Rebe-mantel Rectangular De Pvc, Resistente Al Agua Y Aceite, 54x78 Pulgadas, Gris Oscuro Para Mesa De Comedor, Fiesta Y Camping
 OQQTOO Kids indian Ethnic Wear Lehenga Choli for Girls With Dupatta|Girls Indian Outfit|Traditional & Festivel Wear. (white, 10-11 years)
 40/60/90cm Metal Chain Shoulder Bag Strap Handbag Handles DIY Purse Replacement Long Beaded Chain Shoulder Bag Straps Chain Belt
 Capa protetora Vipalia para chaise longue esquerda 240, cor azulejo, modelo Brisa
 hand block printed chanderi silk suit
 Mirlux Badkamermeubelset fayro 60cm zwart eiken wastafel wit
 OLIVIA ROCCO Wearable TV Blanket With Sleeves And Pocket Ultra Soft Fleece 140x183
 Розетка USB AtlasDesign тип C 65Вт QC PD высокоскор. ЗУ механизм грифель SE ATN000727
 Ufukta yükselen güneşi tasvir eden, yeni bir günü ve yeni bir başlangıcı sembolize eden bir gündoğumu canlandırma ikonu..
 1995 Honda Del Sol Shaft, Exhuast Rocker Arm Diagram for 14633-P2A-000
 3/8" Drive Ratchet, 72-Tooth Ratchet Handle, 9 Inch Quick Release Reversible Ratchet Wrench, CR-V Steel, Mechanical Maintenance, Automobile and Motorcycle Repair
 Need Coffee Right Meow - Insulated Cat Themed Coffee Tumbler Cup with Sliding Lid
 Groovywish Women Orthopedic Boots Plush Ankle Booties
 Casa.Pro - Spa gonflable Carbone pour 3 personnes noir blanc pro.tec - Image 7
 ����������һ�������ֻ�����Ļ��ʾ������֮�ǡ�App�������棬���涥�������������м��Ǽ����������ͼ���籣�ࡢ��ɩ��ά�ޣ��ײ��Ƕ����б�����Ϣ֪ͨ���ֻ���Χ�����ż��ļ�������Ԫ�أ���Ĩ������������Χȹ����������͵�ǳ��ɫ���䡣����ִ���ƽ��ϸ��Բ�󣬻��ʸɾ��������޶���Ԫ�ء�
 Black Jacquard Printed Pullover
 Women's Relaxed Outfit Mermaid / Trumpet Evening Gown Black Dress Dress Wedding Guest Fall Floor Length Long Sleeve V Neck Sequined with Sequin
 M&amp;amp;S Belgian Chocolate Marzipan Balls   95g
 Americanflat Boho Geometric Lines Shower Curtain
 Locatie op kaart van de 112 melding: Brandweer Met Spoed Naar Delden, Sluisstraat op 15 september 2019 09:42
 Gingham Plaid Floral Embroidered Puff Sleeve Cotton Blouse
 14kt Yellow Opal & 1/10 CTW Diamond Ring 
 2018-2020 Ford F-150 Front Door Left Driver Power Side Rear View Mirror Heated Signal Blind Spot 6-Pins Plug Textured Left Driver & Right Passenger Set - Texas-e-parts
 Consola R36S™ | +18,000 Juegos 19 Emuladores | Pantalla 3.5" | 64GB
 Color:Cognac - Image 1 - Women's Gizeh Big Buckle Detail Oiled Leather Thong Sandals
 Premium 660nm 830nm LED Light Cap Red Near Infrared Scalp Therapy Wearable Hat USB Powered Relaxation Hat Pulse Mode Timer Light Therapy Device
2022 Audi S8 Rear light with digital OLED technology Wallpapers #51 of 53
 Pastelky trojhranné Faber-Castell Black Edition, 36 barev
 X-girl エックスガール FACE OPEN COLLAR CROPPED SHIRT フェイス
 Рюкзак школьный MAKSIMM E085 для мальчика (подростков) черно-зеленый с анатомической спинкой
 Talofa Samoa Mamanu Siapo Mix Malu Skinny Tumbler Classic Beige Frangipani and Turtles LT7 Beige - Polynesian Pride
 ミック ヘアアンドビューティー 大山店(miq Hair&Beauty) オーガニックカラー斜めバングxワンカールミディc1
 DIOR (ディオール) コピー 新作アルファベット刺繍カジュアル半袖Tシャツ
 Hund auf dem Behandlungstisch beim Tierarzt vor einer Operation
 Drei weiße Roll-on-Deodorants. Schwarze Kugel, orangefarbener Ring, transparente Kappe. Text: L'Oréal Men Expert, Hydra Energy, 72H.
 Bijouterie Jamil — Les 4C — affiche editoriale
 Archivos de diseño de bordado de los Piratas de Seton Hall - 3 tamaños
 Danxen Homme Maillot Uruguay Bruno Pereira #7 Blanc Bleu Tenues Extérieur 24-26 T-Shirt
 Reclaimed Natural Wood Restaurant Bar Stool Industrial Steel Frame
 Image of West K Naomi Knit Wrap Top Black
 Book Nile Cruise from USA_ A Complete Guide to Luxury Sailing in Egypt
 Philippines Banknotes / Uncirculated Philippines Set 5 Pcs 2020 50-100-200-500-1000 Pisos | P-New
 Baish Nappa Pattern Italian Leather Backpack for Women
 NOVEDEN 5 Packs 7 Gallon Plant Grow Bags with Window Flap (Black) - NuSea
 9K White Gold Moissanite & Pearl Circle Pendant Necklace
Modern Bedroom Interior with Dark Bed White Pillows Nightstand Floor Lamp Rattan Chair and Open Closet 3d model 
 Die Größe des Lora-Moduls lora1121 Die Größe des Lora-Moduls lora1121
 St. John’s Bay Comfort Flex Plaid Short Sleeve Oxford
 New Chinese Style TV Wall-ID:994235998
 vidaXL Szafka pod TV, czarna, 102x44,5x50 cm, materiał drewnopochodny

Your task :: Set down the material exactly, keeping every line.

Exercise output ::
Rebe-mantel Rectangular De Pvc, Resistente Al Agua Y Aceite, 54x78 Pulgadas, Gris Oscuro Para Mesa De Comedor, Fiesta Y Camping
 OQQTOO Kids indian Ethnic Wear Lehenga Choli for Girls With Dupatta|Girls Indian Outfit|Traditional & Festivel Wear. (white, 10-11 years)
 40/60/90cm Metal Chain Shoulder Bag Strap Handbag Handles DIY Purse Replacement Long Beaded Chain Shoulder Bag Straps Chain Belt
 Capa protetora Vipalia para chaise longue esquerda 240, cor azulejo, modelo Brisa
 hand block printed chanderi silk suit
 Mirlux Badkamermeubelset fayro 60cm zwart eiken wastafel wit
 OLIVIA ROCCO Wearable TV Blanket With Sleeves And Pocket Ultra Soft Fleece 140x183
 Розетка USB AtlasDesign тип C 65Вт QC PD высокоскор. ЗУ механизм грифель SE ATN000727
 Ufukta yükselen güneşi tasvir eden, yeni bir günü ve yeni bir başlangıcı sembolize eden bir gündoğumu canlandırma ikonu..
 1995 Honda Del Sol Shaft, Exhuast Rocker Arm Diagram for 14633-P2A-000
 3/8" Drive Ratchet, 72-Tooth Ratchet Handle, 9 Inch Quick Release Reversible Ratchet Wrench, CR-V Steel, Mechanical Maintenance, Automobile and Motorcycle Repair
 Need Coffee Right Meow - Insulated Cat Themed Coffee Tumbler Cup with Sliding Lid
 Groovywish Women Orthopedic Boots Plush Ankle Booties
 Casa.Pro - Spa gonflable Carbone pour 3 personnes noir blanc pro.tec - Image 7
 ����������һ�������ֻ�����Ļ��ʾ������֮�ǡ�App�������棬���涥�������������м��Ǽ����������ͼ���籣�ࡢ��ɩ��ά�ޣ��ײ��Ƕ����б�����Ϣ֪ͨ���ֻ���Χ�����ż��ļ�������Ԫ�أ���Ĩ������������Χȹ����������͵�ǳ��ɫ���䡣����ִ���ƽ��ϸ��Բ�󣬻��ʸɾ��������޶���Ԫ�ء�
 Black Jacquard Printed Pullover
 Women's Relaxed Outfit Mermaid / Trumpet Evening Gown Black Dress Dress Wedding Guest Fall Floor Length Long Sleeve V Neck Sequined with Sequin
 M&amp;amp;S Belgian Chocolate Marzipan Balls   95g
 Americanflat Boho Geometric Lines Shower Curtain
 Locatie op kaart van de 112 melding: Brandweer Met Spoed Naar Delden, Sluisstraat op 15 september 2019 09:42
 Gingham Plaid Floral Embroidered Puff Sleeve Cotton Blouse
 14kt Yellow Opal & 1/10 CTW Diamond Ring 
 2018-2020 Ford F-150 Front Door Left Driver Power Side Rear View Mirror Heated Signal Blind Spot 6-Pins Plug Textured Left Driver & Right Passenger Set - Texas-e-parts
 Consola R36S™ | +18,000 Juegos 19 Emuladores | Pantalla 3.5" | 64GB
 Color:Cognac - Image 1 - Women's Gizeh Big Buckle Detail Oiled Leather Thong Sandals
 Premium 660nm 830nm LED Light Cap Red Near Infrared Scalp Therapy Wearable Hat USB Powered Relaxation Hat Pulse Mode Timer Light Therapy Device
2022 Audi S8 Rear light with digital OLED technology Wallpapers #51 of 53
 Pastelky trojhranné Faber-Castell Black Edition, 36 barev
 X-girl エックスガール FACE OPEN COLLAR CROPPED SHIRT フェイス
 Рюкзак школьный MAKSIMM E085 для мальчика (подростков) черно-зеленый с анатомической спинкой
 Talofa Samoa Mamanu Siapo Mix Malu Skinny Tumbler Classic Beige Frangipani and Turtles LT7 Beige - Polynesian Pride
 ミック ヘアアンドビューティー 大山店(miq Hair&Beauty) オーガニックカラー斜めバングxワンカールミディc1
 DIOR (ディオール) コピー 新作アルファベット刺繍カジュアル半袖Tシャツ
 Hund auf dem Behandlungstisch beim Tierarzt vor einer Operation
 Drei weiße Roll-on-Deodorants. Schwarze Kugel, orangefarbener Ring, transparente Kappe. Text: L'Oréal Men Expert, Hydra Energy, 72H.
 Bijouterie Jamil — Les 4C — affiche editoriale
 Archivos de diseño de bordado de los Piratas de Seton Hall - 3 tamaños
 Danxen Homme Maillot Uruguay Bruno Pereira #7 Blanc Bleu Tenues Extérieur 24-26 T-Shirt
 Reclaimed Natural Wood Restaurant Bar Stool Industrial Steel Frame
 Image of West K Naomi Knit Wrap Top Black
 Book Nile Cruise from USA_ A Complete Guide to Luxury Sailing in Egypt
 Philippines Banknotes / Uncirculated Philippines Set 5 Pcs 2020 50-100-200-500-1000 Pisos | P-New
 Baish Nappa Pattern Italian Leather Backpack for Women
 NOVEDEN 5 Packs 7 Gallon Plant Grow Bags with Window Flap (Black) - NuSea
 9K White Gold Moissanite & Pearl Circle Pendant Necklace
Modern Bedroom Interior with Dark Bed White Pillows Nightstand Floor Lamp Rattan Chair and Open Closet 3d model 
 Die Größe des Lora-Moduls lora1121 Die Größe des Lora-Moduls lora1121
 St. John’s Bay Comfort Flex Plaid Short Sleeve Oxford
 New Chinese Style TV Wall-ID:994235998
 vidaXL Szafka pod TV, czarna, 102x44,5x50 cm, materiał drewnopochodny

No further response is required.